I haven’t written anything on this blog recently. Mostly I blame Twitter, but perhaps not for the reason you’d think. Twitter is a much bigger pond that the circles I used to frequent on Google Plus. It has an active but disparate RPG scene. Being exposed to it has been eye-opening. So many clever people talking about RPGs and RPG theory in such depth and with such nuance. It has also been slightly demoralising.
(Sorry, this blog post could get a bit rambly.)
To use a metaphor about the Dunning–Kruger effect (a metaphor I also learned on Twitter), since running this blog I have been high up the slopes of Mount Stupid. Now I feel like I have just tobogganned down it and crashed into the Valley of Despair.
In short, I have finally learned enough about roleplaying games to know that I know nothing.
Part of the problem with this discovery is that there doesn’t seem to be an obvious fix. Roleplaying games might be decades old but they are still, relatively speaking, a new genre. There is plenty of RPG theory out there, but almost nothing that people can agree on (and even less regarding RPG criticism).
K Lam (@ladylakira) recently referred to RPG design as a folk art (the whole thread is pretty great, fyi). I guess I’m content with that situation for now, but as the genre matures I feel there will eventually be some sort of agreed framework. Agreed being the important word. I’m aware that such frameworks exist and have existed for many years, but even now an RPG theorist can use some terminology and be completely incomprehensible to an RPG theorist with a different background. And neither of them has a reasonable method of teaching new gamers what they’re talking about. Compare that to film, in which there may be hundreds of different schools of film theory but at least everyone more or less knows what you mean when you say mise-en-scène (or can find out easily).
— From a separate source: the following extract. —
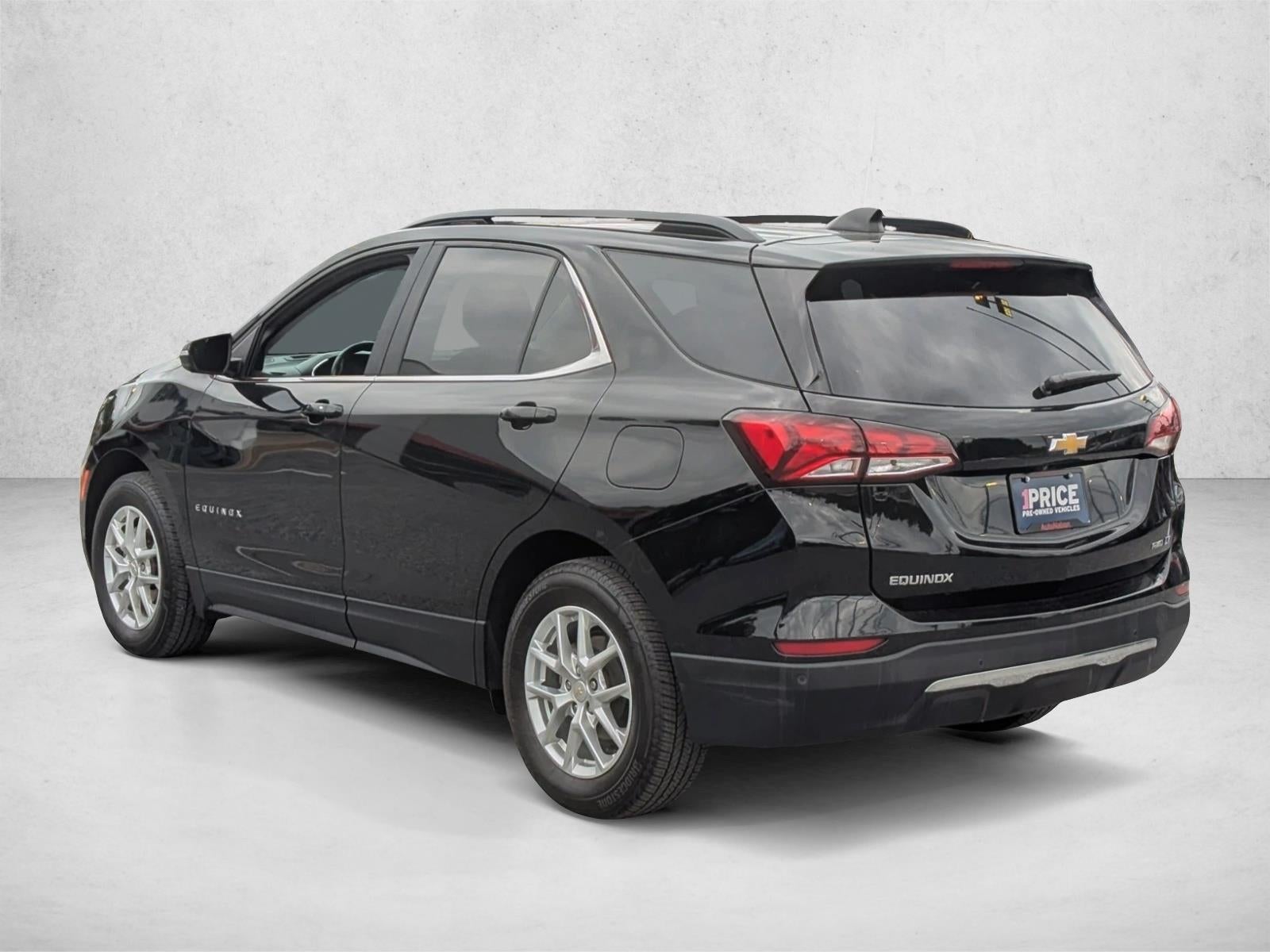 2022 Chevrolet Equinox AWD 4dr LT w/1LT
To me, the first step would seem to be just trying to gather all of the different strands of RPG theory into a single place. There have been a few attempts at this. John Kim’s Styles of Roleplaying was an early attempt, although it’s out of date now. Emily Care Boss (@emilycare) has a couple of pages on her website that are more recent: the Theory Roundup (which provides context and detail, but only until 2014) and thoughts (which is up-to-date but only has links). Most recently that I know of, Blaine C. Martin (@esmereldapod) has set up a website called Artifacts of Play that gathers links to recent RPG theory, but after a promising start it seems to have lost steam.
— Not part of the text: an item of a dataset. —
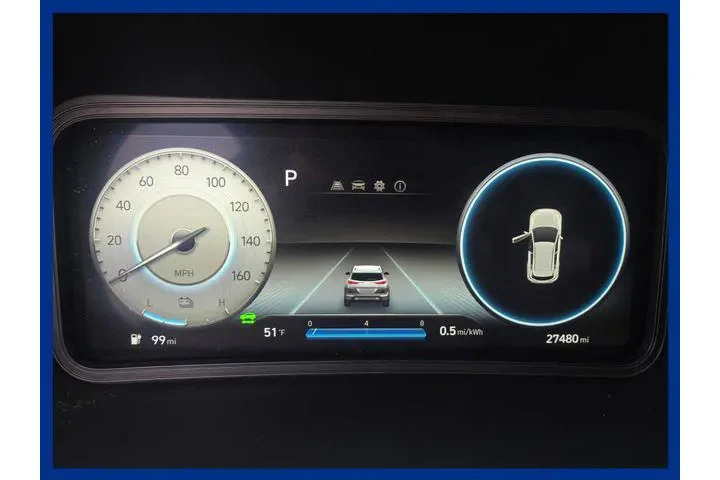 $19911 : Hyundai KONA Electric 2023 S image 4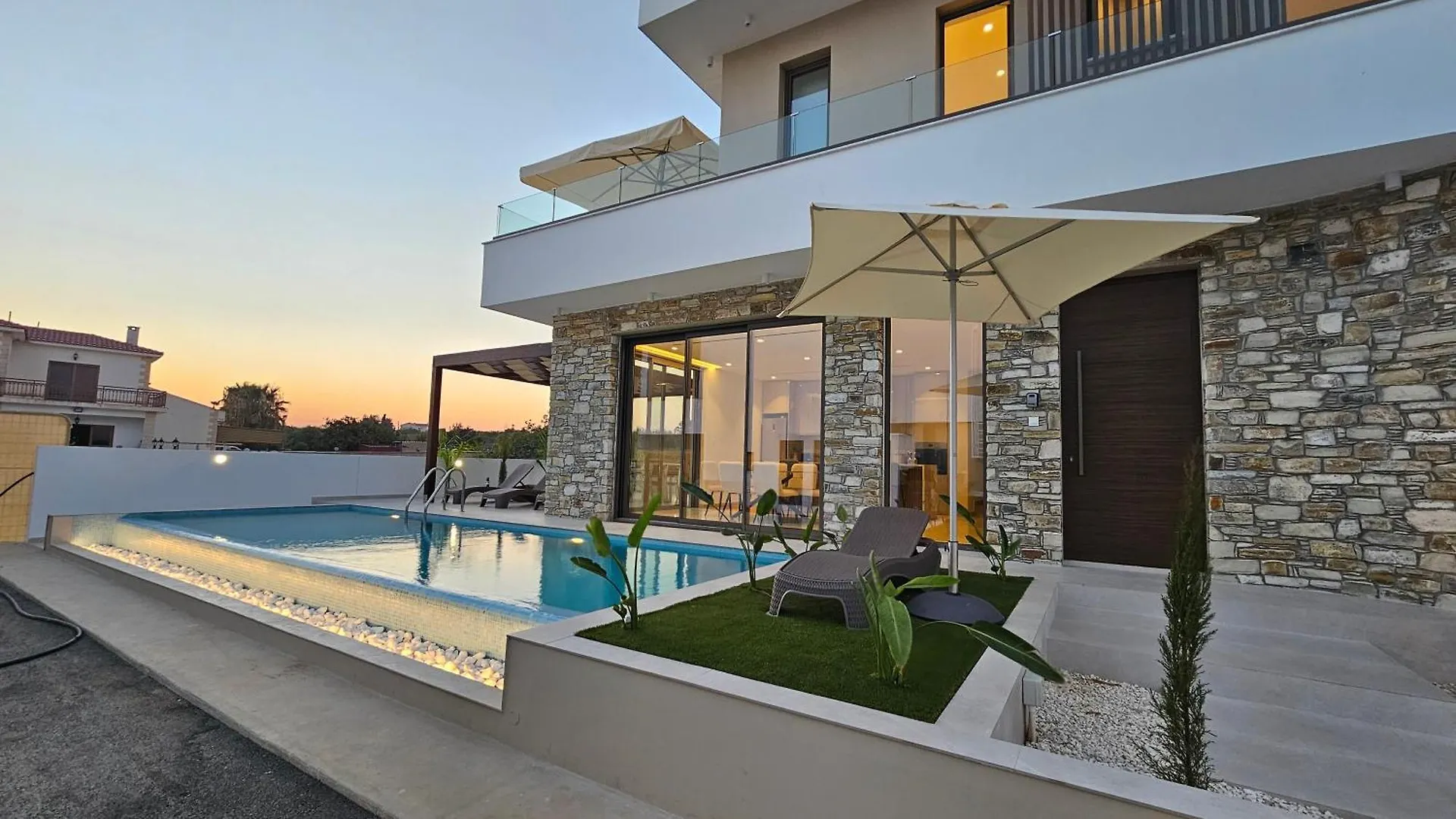 Stay Oasis Luxury Villas Ayia Napa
None of these are complete. No individual could possibly hope to catelogue all of RPG theory. Both because there’s too much out there and because any individual is necessarily limited by their own circles and perspectives. And I know I’m missing other attempts by people to capture all the different RPG theory out there into a single place (please comment or message me if you know of any others).
Personally, I would like to see a public wiki where people can add all the different RPG theory and RPG design terminology they know and cross-refer it all to show the links and inspirations and crticisms. I’ve been tempted to do it myself but every time I think about it it’s like there’s a mountain looming up in front of me… or maybe behind me. As many problems as I have with the company, and as narrow as their focus seems to be these days, the best bet for maximum visibility and durability would be FANDOM. They even have some RPG wikis already, so it might fit. But then what do you call it? RPG Theory or RPG Design or RPG Design Theory? Would you separate tabletop games from LARPs from video games? And how much interest would there really be in an RPG theory wiki, anyway? The idea lives and dies depending on how many people get involved, and that means marketing, and that’s not a skill I have ever possessed…
That’s pretty much as far as I’ve ever got with the idea.
On a lighter note, I am still enjoying RPGs in my personal life. I’m running The Veil and playing in games of Masks, Dungeons & Dragons, and Unknown Armies, with upcoming games of Predation and another Dungeons & Dragons campaign. All a lot of fun and more exciting stuff to come.
So maybe nothing else I’ve written in this blog post even matters all that much. Maybe all I need to know about RPGs is that I like them, and that’s enough.